Ethanol’s Discount to Gasoline Widens Below-Average Inventory
Source: By Mario Parker, Bloomberg • Posted: Friday, April 5, 2013
The spread tightened 2.63 cents to 47.57 cents a gallon as the Energy Department’s analytical arm said stockpiles of the fuel last week rose 0.2 percent to 17.5 million barrels, from the lowest level since the week ended Dec. 9, 2011. Inventories are 22 percent lower than a year ago.
“There’s a lot of demand in the front for prompt product,” said Jim Damask, a manager at StarFuels Inc. in Jupiter, Florida. “They must be ripping right through supply.”
Denatured ethanol for May delivery rose 1.1 cents, or 0.5 percent, to $2.423 a gallon on the Chicago Board of Trade.
Gasoline futures for May delivery dropped 1.53 cents, or 0.5 percent, to $2.8987 a gallon on the New York Mercantile Exchange. The contract covers reformulated gasoline, made to be blended with ethanol before delivery to filling stations.
Ethanol companies have tempered production 7.6 percent to 807,000 barrels a day from a year earlier, before the worst drought since the 1930s sent corn prices to a record high and eroded returns for making the fuel.
Corn prices plunged 14 percent after a March 28 Agriculture Department report showed domestic inventories on March 1 totaled 5.399 billion bushels, exceeding analysts’ estimates of 4.995 billion.
Corn Prices
Corn for May delivery fell 11.5 cents, or 1.8 percent, to $6.30 a bushel in Chicago, the lowest settlement since June.
The corn crush spread, representing gains or losses from turning corn into ethanol and based on May contracts, was 13 cents a gallon, up from 8 cents yesterday. The amount doesn’t include revenue from the sale of dried distillers’ grains, a byproduct of ethanol production, which can be fed to livestock.
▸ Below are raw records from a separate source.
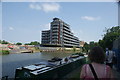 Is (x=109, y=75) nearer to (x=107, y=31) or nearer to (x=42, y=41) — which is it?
(x=107, y=31)

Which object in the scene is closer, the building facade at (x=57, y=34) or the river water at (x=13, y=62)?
the river water at (x=13, y=62)

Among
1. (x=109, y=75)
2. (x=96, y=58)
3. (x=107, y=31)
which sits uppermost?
(x=107, y=31)

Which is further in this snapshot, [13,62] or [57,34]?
[57,34]

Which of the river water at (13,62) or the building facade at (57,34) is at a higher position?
the building facade at (57,34)

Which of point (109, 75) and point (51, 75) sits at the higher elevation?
point (109, 75)

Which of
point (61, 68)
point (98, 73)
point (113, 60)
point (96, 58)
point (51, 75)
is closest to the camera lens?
point (98, 73)

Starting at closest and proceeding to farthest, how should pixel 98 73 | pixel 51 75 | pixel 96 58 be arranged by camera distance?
pixel 98 73
pixel 96 58
pixel 51 75

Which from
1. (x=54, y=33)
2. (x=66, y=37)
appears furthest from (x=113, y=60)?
(x=66, y=37)

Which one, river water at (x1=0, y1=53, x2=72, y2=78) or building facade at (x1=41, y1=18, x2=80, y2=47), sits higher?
building facade at (x1=41, y1=18, x2=80, y2=47)

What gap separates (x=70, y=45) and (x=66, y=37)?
31.8ft

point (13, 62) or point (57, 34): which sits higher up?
point (57, 34)

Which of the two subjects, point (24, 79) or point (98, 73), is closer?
point (98, 73)

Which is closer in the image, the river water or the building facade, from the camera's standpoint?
the river water

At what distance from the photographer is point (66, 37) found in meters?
109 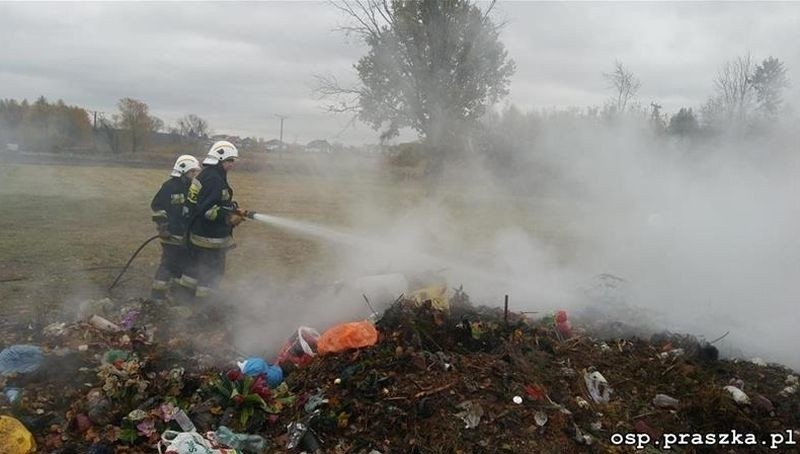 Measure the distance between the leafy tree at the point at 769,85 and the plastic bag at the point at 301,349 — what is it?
6631 millimetres

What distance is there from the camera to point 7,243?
9.80 metres

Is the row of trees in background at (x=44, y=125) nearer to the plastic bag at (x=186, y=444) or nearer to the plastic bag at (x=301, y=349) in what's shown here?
the plastic bag at (x=301, y=349)

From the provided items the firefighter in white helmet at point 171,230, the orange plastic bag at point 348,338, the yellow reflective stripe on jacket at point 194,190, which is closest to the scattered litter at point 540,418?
the orange plastic bag at point 348,338

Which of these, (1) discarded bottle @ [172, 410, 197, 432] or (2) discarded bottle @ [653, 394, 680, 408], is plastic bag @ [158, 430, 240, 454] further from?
(2) discarded bottle @ [653, 394, 680, 408]

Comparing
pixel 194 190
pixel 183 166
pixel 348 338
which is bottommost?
pixel 348 338

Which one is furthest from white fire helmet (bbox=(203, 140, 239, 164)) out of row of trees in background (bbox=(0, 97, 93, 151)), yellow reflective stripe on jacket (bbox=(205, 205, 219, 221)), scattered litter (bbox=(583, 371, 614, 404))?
row of trees in background (bbox=(0, 97, 93, 151))

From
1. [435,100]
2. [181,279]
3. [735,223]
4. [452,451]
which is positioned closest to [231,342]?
[181,279]

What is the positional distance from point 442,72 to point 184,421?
24.8 ft

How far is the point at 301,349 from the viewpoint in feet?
16.0

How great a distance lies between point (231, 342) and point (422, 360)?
229cm

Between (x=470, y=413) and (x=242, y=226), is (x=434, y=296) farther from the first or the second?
(x=242, y=226)

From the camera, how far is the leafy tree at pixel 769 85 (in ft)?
24.0

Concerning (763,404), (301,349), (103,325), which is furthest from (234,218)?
(763,404)

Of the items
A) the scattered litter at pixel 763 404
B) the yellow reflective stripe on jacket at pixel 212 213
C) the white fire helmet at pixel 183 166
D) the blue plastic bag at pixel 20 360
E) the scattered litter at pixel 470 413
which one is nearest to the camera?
the scattered litter at pixel 470 413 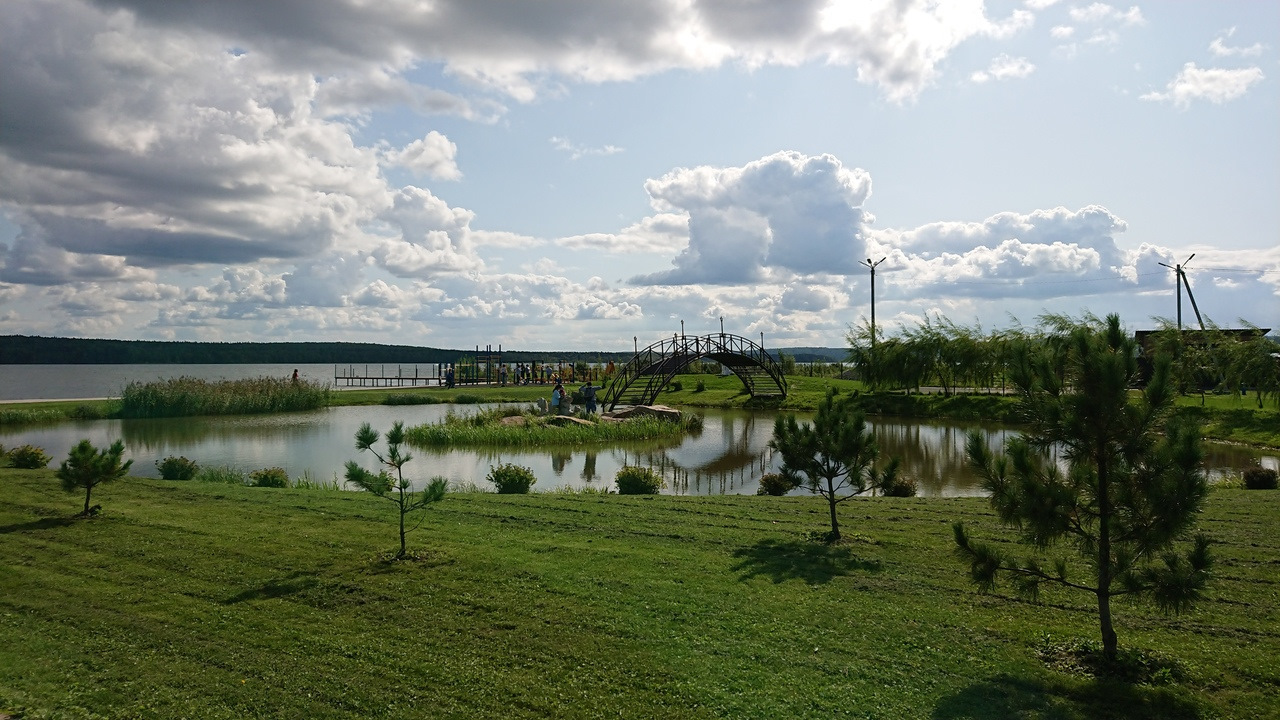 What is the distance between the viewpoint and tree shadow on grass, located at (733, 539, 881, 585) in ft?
25.3

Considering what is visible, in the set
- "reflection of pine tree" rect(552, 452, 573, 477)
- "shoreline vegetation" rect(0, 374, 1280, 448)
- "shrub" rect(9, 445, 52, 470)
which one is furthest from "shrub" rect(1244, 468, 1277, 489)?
"shrub" rect(9, 445, 52, 470)

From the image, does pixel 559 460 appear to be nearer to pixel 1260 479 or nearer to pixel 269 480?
pixel 269 480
Under a 2007 energy law, known as the Renewable Fuels Standard, the U.S. is required to use 13.8 billion gallons of ethanol this year and 14.4 billion in 2014.
Ethanol-blended gasoline made up 92 percent of the total U.S. gasoline pool, the least since Feb. 22, the EIA said. That’s down from a record 95 percent in the week ended March 15.
Imports of the fuel averaged 49,000 barrels a day last week, the highest level since Jan. 18 and up from 9,000 barrels a year earlier, EIA said.
Spot Trading
In cash market trading, ethanol jumped 8 cents to $2.48 a gallon in Chicago, 7 cents to $2.535 in the Gulf and 4 cents to $2.59 in New York, data compiled by Bloomberg show. Prices slipped 0.5 cent to $2.675 on the West Coast, the most expensive U.S. hub.
West Coast ethanol’s premium to the U.S. Gulf narrowed 35 percent to 14 cents, the least since March 6, while Chicago’s discount to New York Harbor shrank 27 percent to 11 cents.
Biofuel in the U.S. is tracked by Renewable Identification Numbers, or RINs, certificates that refiners use to show compliance with mandates to the Environmental Protection Agency or trade to other parties.
Corn-based ethanol RINs rose 1.4 percent to 71 cents today, data compiled by Bloomberg show. They traded at 7.1 cents on Jan. 7.
Advanced RINs, which cover biodiesel and Brazilian sugarcane-based ethanol, added 2 percent to 78 cents. Those certificates traded at 37 cents on Jan. 7.